* **What you are asked to do**:
From the very first line of the data to the line containing "23918968-Ferienwohnung-2-Borkum-300x225-3", retype everything exactly, leaving the pictures behind.

* **Data extracts**:
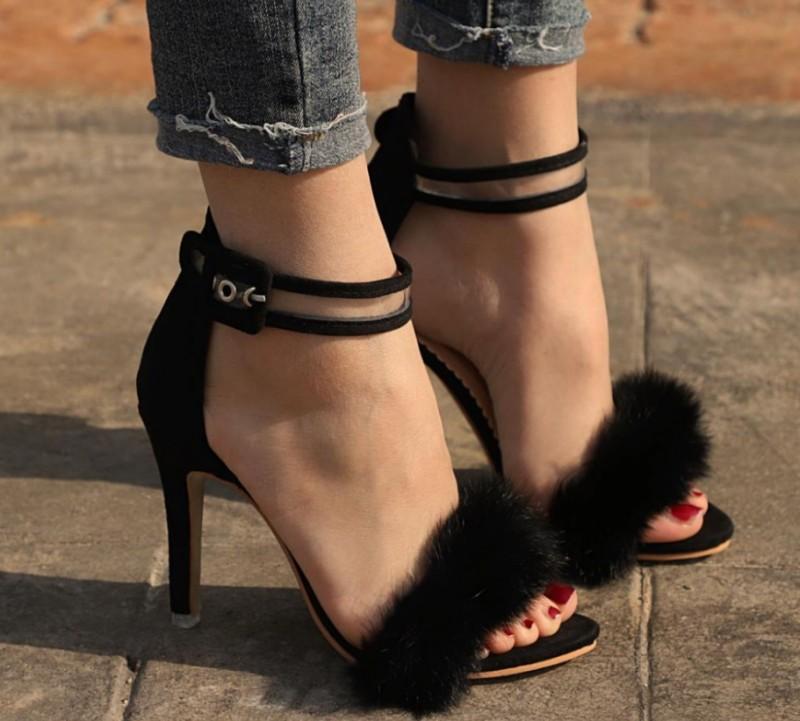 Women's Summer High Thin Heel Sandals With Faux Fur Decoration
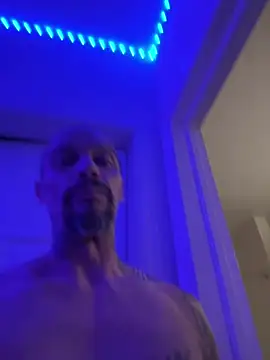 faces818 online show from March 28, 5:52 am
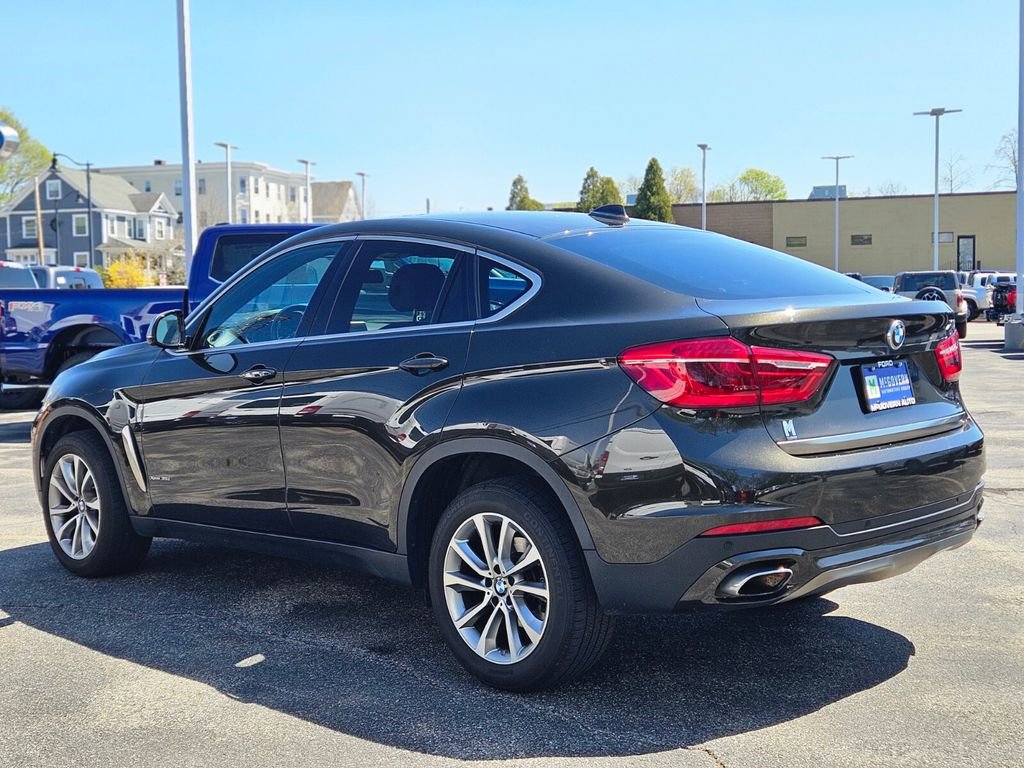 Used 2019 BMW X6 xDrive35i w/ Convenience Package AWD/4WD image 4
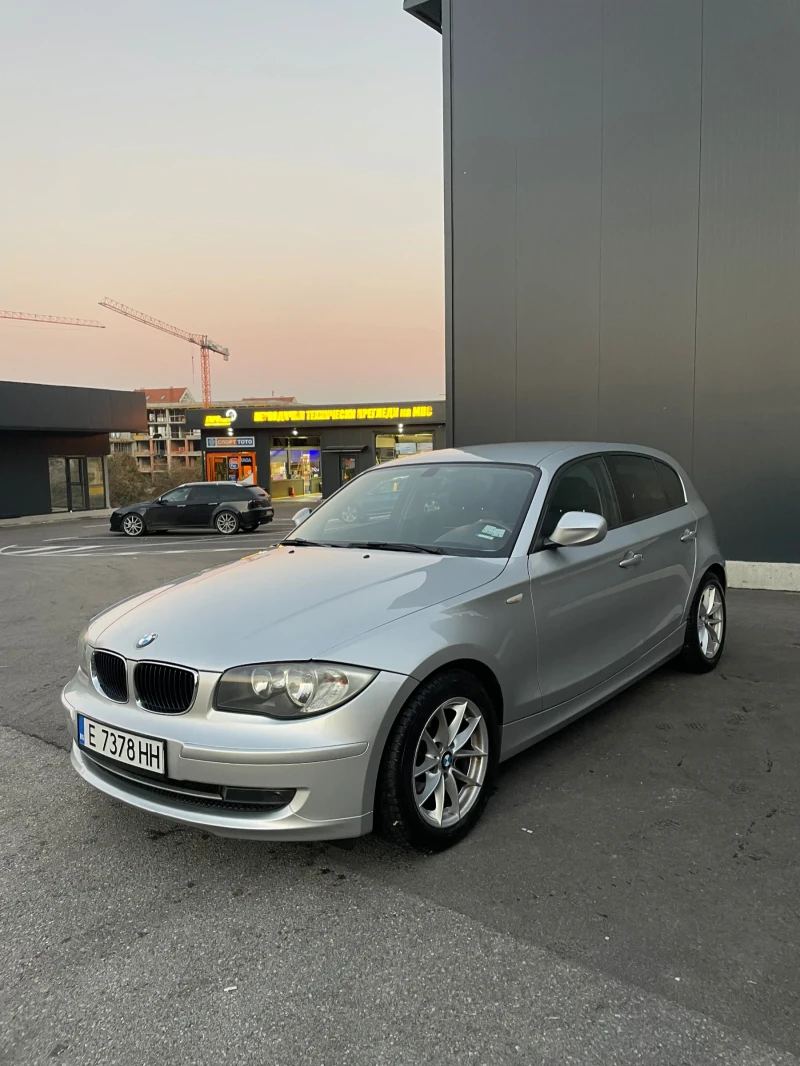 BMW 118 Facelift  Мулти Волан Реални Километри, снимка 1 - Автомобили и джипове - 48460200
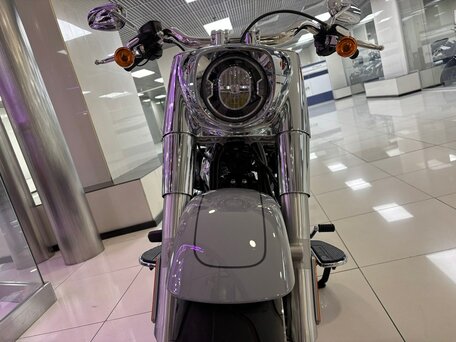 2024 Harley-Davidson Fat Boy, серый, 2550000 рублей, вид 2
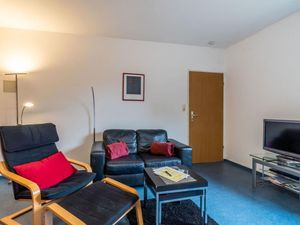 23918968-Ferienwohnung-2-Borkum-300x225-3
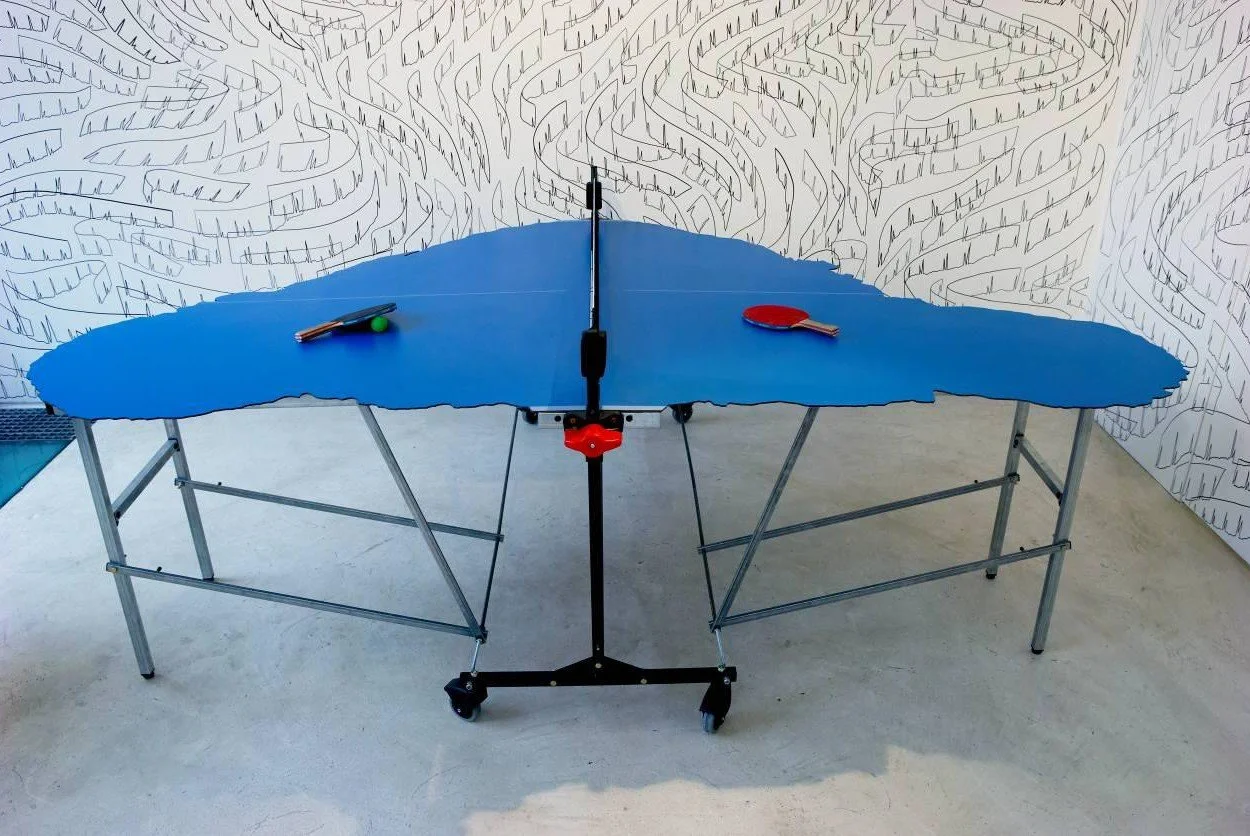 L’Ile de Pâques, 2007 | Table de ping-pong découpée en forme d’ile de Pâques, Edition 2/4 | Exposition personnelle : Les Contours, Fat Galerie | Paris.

* **Output for this exercise**:
 Women's Summer High Thin Heel Sandals With Faux Fur Decoration
 faces818 online show from March 28, 5:52 am
 Used 2019 BMW X6 xDrive35i w/ Convenience Package AWD/4WD image 4
 BMW 118 Facelift  Мулти Волан Реални Километри, снимка 1 - Автомобили и джипове - 48460200
 2024 Harley-Davidson Fat Boy, серый, 2550000 рублей, вид 2
 23918968-Ferienwohnung-2-Borkum-300x225-3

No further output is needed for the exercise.